Segment Open

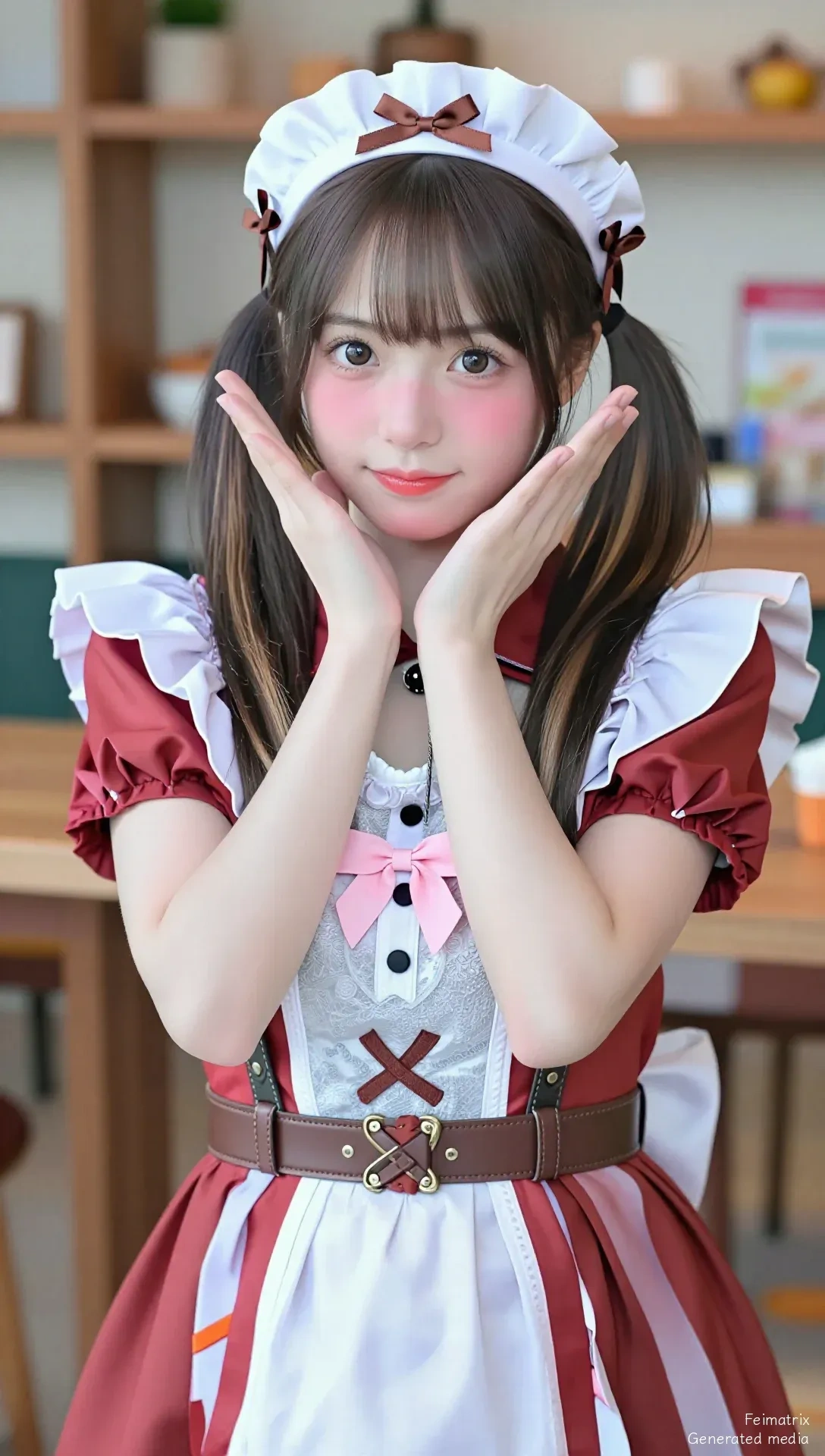 Golden hour glow and a whole lot of cozy vibes today. Found my perfect little nook to curl up with a book (and maybe a glass of wine 😉). Feeling like this - content, comfortable, and completely oursel...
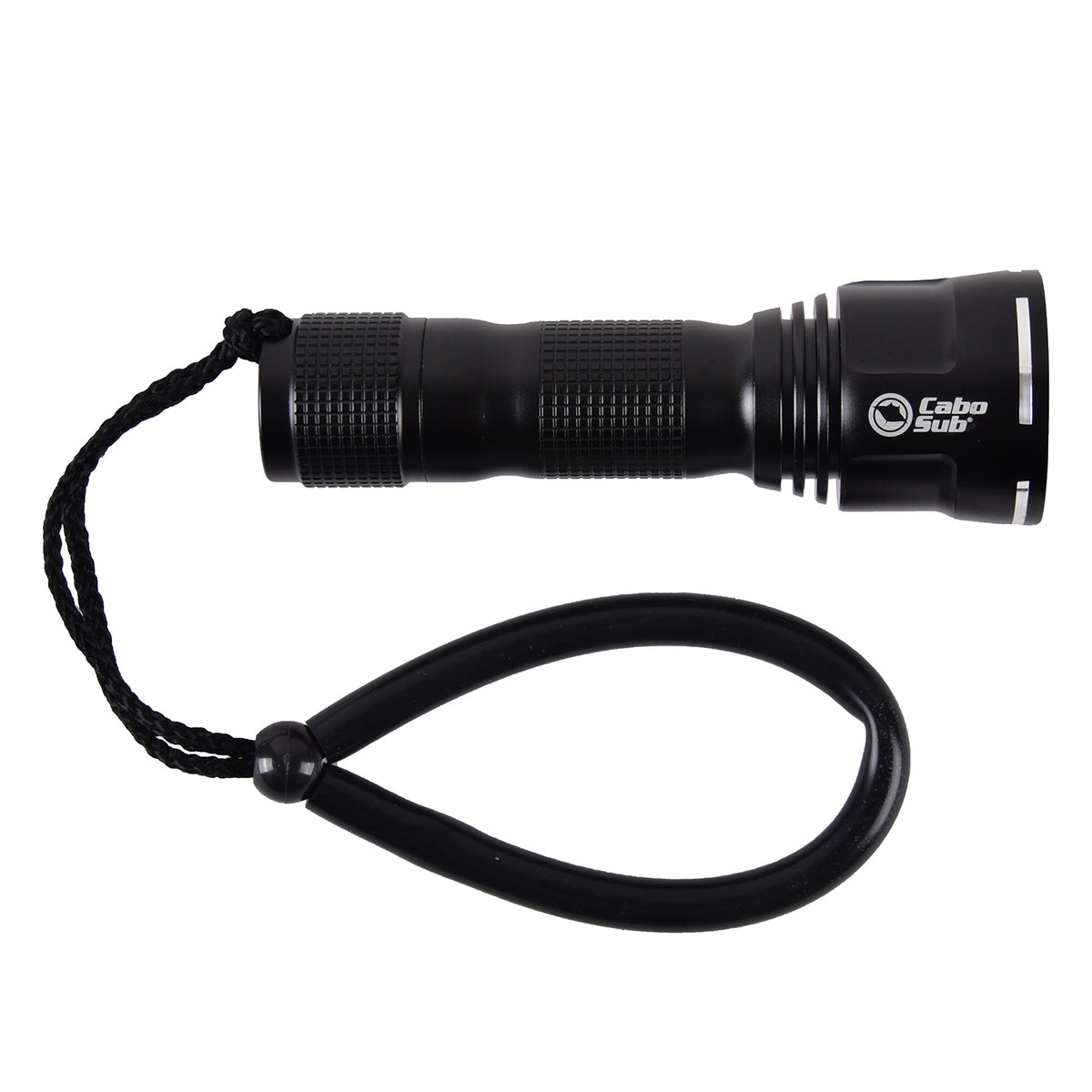 Linterna Luna Flash 410 LUMENS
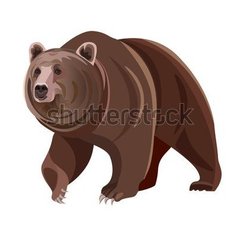 Bear87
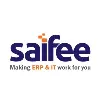 Saifee Computers LLC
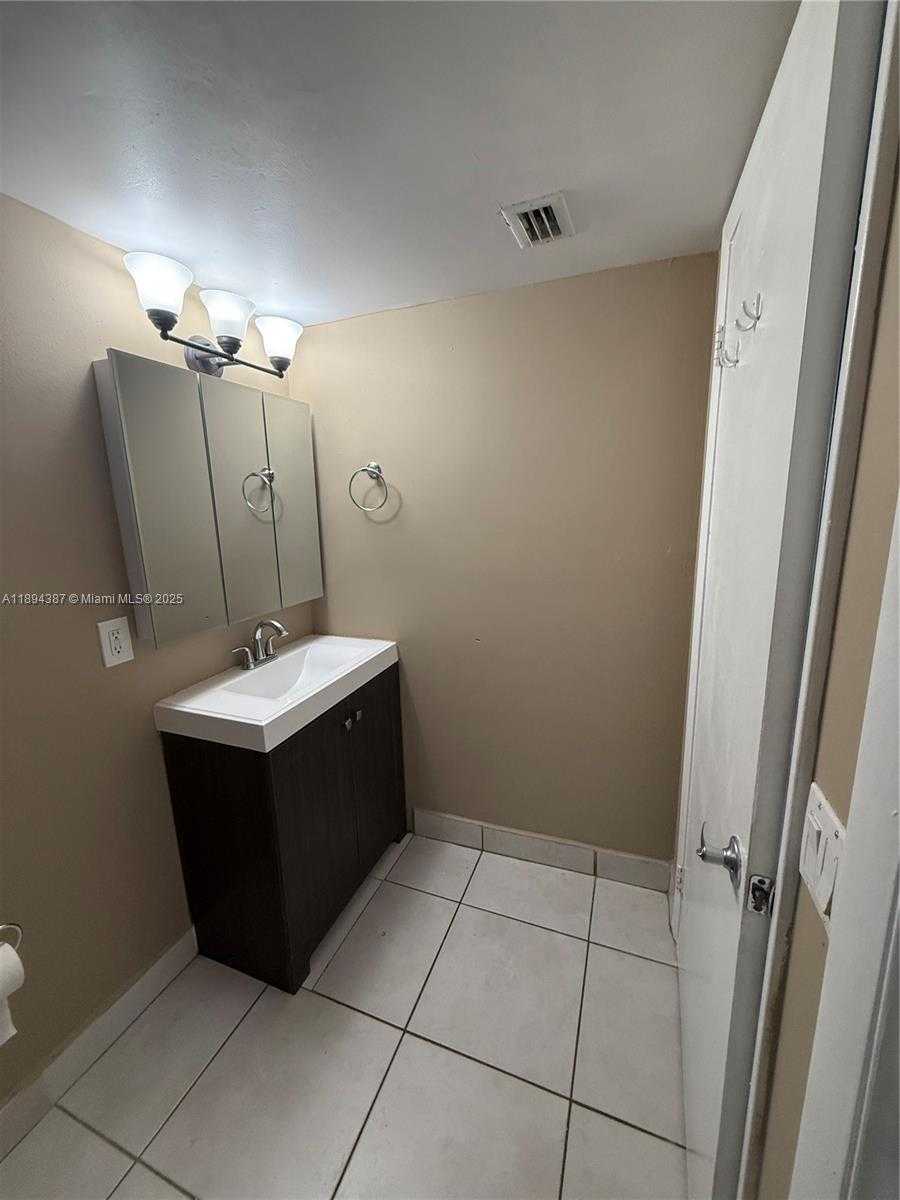 Small Image of 8215 SOUTH WEST 152ND AVE #G-405, Miami Number 11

Segment Closed

:: Work request ::
The result should be every entry, word for word, and no pictures.

:: Task solution ::
 Golden hour glow and a whole lot of cozy vibes today. Found my perfect little nook to curl up with a book (and maybe a glass of wine 😉). Feeling like this - content, comfortable, and completely oursel...
 Linterna Luna Flash 410 LUMENS
 Bear87
 Saifee Computers LLC
 Small Image of 8215 SOUTH WEST 152ND AVE #G-405, Miami Number 11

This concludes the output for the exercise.